I started to write a long reply to this, but I don't have time.
If only Erik was still here he'd put it much better than I can.

To see what is wrong with your proposed `solution' and how you've
misunderstood what the problem is, consider what happens if you have
your clever string-reader.  What happens, for instance, for symbols?
What happens if I write a parser for my own little language which
expects to be able to read characters from a stream?  What is the fix
for this?

--tim
From: Steven M. Haflich
Subject: Re: Redefining how a standard object prints
Date: 
Message-ID: <bWv2c.34990$6U1.2168@newssvr25.news.prodigy.com>
Adam Warner wrote:

> Thanks for explaining the issue Christopher (I initially misunderstood the
> sentence by skipping over "their own").
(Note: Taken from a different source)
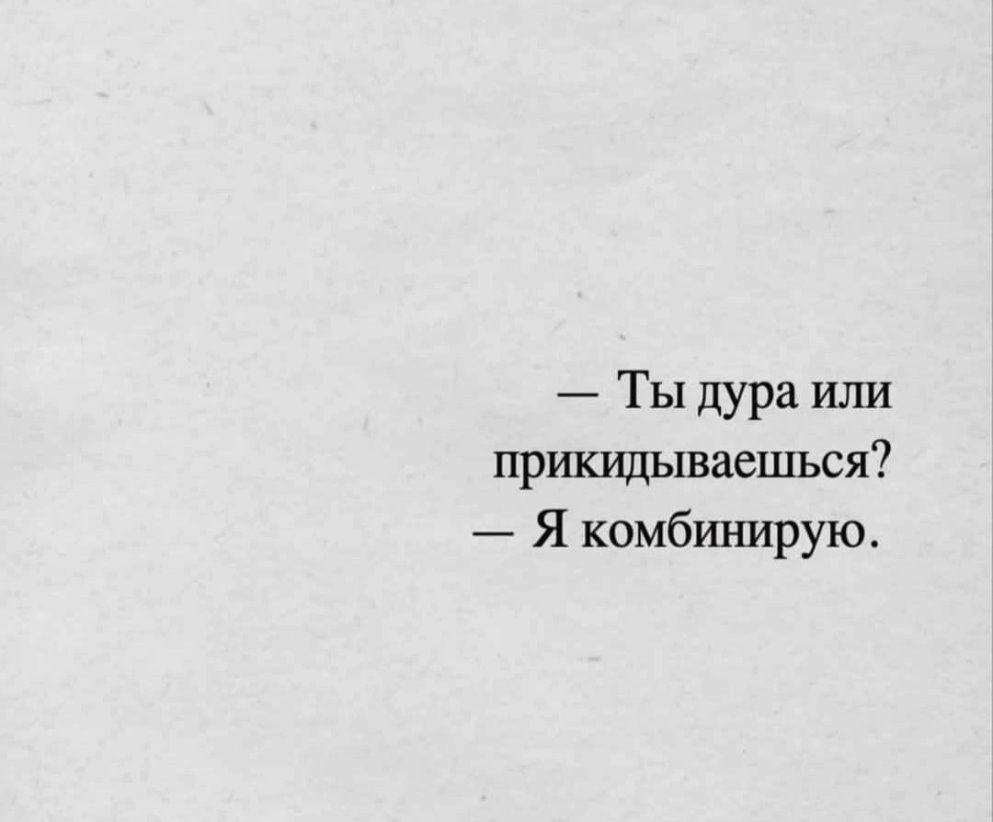 Ты дура или прикидываешься Я комбинирую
I was hoping to transparently
> print CMUCL and SBCL ISO-8859-1 8-bit strings as UTF-8 by redefining the
> string printer. I can easily do the subset of UTF-8 to ISO-8859-1 at input
> by redefining the double-quote macro character. But there appears to be no
> defined way to alter the string printer's output short of hacking each
> implementation's source.

The implication that you are not allowed to define print-object methods on
system classes is simply incorrect.

You _are_ allowed to define a print-object method provided one of the
two required arguments to the gf is not a system class.  If the stream
argument is of your own specialized stream, then the definition is
allowed with some serious caveats:

  - There is no way in the portable language to define your own
specialized stream class.  But it is possible in some implementations.
  - Argument precedence and method sorting might still prevent your method
from being called.  In particular, you might define a method on string,
while the implementation might have different methods on subclasses of
string.
  - As mentioned in the ANS, it is generally not a good idea to specialize
print-object methods on the stream argument because some printer operations
may use encapsulating streams (or whatever) and the stream to which an
object is printed might not be the stream passed to the outermost print
function, e.g. print, write, format, or prin1.  This is most likely to be
a problem if pretty printing.

So, the suggestion elsewhere that you can customize printer syntax with the
pretty printer, using a custom pprint-dispatch table.  print-object methods
are global and not under localized program control, but a pprint-dispatch
table cn be passed around and *print-pprint-dispatch* lambda bound at will.

But you should also consider whether you want to use the printer at all.
Programmers often use the reader or printer for specialized I/O operations
that have little to do with what the reader and printer do, which is
process Lisp syntax.  You probably should be using the printer if you
are printing Lisp data of which strings are only one component.  But if you
are outputing textual data to make some sort of report with no other Lisp
syntax, there is little reason to use the printer at all.